# Most colorful cichlids regionally



## adjutant (Dec 27, 2014)

Hey all,
Newbie question. *** been pouring over this site, as well as a lot of your recommended vendor sites.

Generally speaking, is there a region group of cichlids that is regarded as the most colorful? (ie. Malawi, Tanganyika, Victoria, central amercian, south American)

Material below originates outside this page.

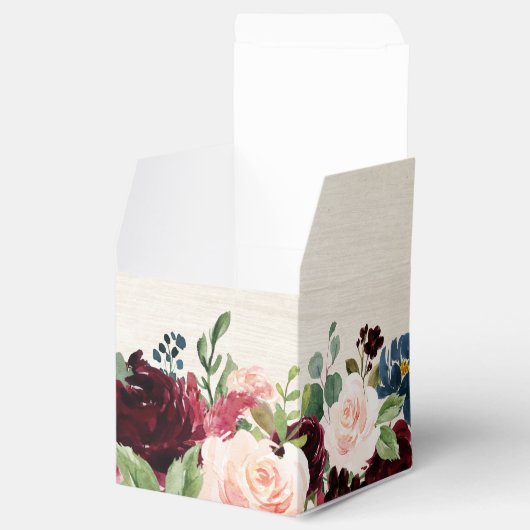 Burgundy Red Navy Floral Rustic Boho Wedding Bedankdoosjes (Geopend)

I know its a broad and maybe subjective question, but just wanted some input. I am fascinated by all the different species.


----------



## The Cichlid Guy (Oct 18, 2014)

I think Malawi has the most diversity in terms of color, as well as some of the most boldy colored fish. Lake Victoria has some really amazing fish, though, with some individual fish having multiple colors. In my experience, new world cichlids tend to have bright patterns on top of more neutral backgrounds.


----------



## adjutant (Dec 27, 2014)

Great! Thanks so much. There is so much great information on this site. I love it!!


----------



## BDASTRK (Dec 12, 2014)

There are some pretty hot Tang stuff out there as well, but I agree Malawi is head and shoulders above the rest for coloration, but buy do the Comps & Calvus have a cool factor about them that trumps coloration in my book! Coolest African IMHO!


----------



## sumthinfishy (Jan 26, 2013)

i keep all 3 lakes. malawi and vics are definately strikingly colorful fish. they have very distinct and defined color patterns. tanganyikans are different. tangs colors are more subtle, and the colors are blends of shimmery soft colors that can look different depending on the way the light hits the fish. u have to have everything just right to see a tang in all its glory. i feel it takes more work to see the beautiful colors that a tang can show, but when they do they def beat out malawi and vics imo. plus i find it more rewarding due to the fact that i had to really work at getting my tangs to show. whereas my malawi and vics are always on fire. i also feel that the tangs day to day breeding habits and activity more enjoyable to watch.


----------



## sumthinfishy (Jan 26, 2013)

i should clarify that my previous statements are in regards to sand sifting tangs. such as featherfins and kilesa among others


----------



## workharddieproud (Nov 7, 2013)

They all have certain ones that are more colorful, certainly comes down to personal preference and own choice, have fun with it.


----------



## Mr Chromedome (Feb 12, 2013)

Color is the least important reason to keep Cichlids; they are usually kept because of their intelligent behavior. However, if you are just after a bunch of aggressive glofish, you can't beat Mbuna. They have very little, if any, personality, but both males and females are colorful in most of the species. They are normally extremely active, hence the glofish comparison.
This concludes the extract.